To adapt a language model to the task of relation extraction, we change the input representation of a sentence so that each of the individual terms are explicity marked. For example, we input a sentence such as ["All", "[TERM1-START]", "cells", "[TERM1-END]", "have", "a", "[TERM2-START]", "cell" "membrane", "[TERM2-END]", "."], and expect the model to output the probability distribution over different relationships that might exist between the two terms. The predicted relationship depends on the input training data.

4.3 Challenges in Relation Extraction

The primary challenge in relation extraction is to obtain the necessary training data. The weak supervision approach is quite promising because the training data need not be perfect. One can resort to sources such as Wikidata and Wordnet as a source of data for defining weak labeling functions. Developing new approaches for weak labeling functions is a topic of current and ongoing research.

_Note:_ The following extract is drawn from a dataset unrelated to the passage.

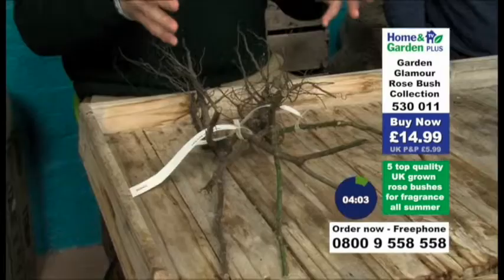This collection of fabulous roses will bring fragrance and longevity and massive amounts of bloom to your garden, but they'll also bring the prestige of varieties that have won awards. We've got Award of Garden Merit winners.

We also need a good workflow to validate the results of the extractors. Quite often the validation can be done through crowdsourcing. One can also prioritize the validation of those extracted relations where the confidence is low. Developing such active learning loops is another important and current research challenge.

5. Summary

In this chapter, we considered the problem of creating a knowledge graph by processing text. We addressed two fundamental problems of entity extraction and relation extraction. For both of these tasks, the early work focused on defining manual and syntactic rules for extraction. More recent popular approaches rely on adapting pre-trained language models, and customizing them to the specific corpus at hand.

For both entity and relation extraction, the most prevalent current approach is to adapt a language models that has been previously created using deep learning. Existing approaches that are syntactic or rule-based play an important role in bootstrapping the training data required for the deep learning models. Validating the output of extraction remains an ongoing challenge.

The problem of entity linking or entity resolution is an equally important problem for creating knowledge graphs, but we have chosen to omit it from the discussion here for two reasons. First, we believe that the challenge of getting good performance on entity and relation extraction, by itself, is a significant hurdle. Second, a prerequisite to a good performance on entity linking is the availability of a good lexicon. For these reasons, entity resolution is an advanced technique, and it may or may not be the primary bottleneck in solving the business problem for which we are creating the knowledge graph.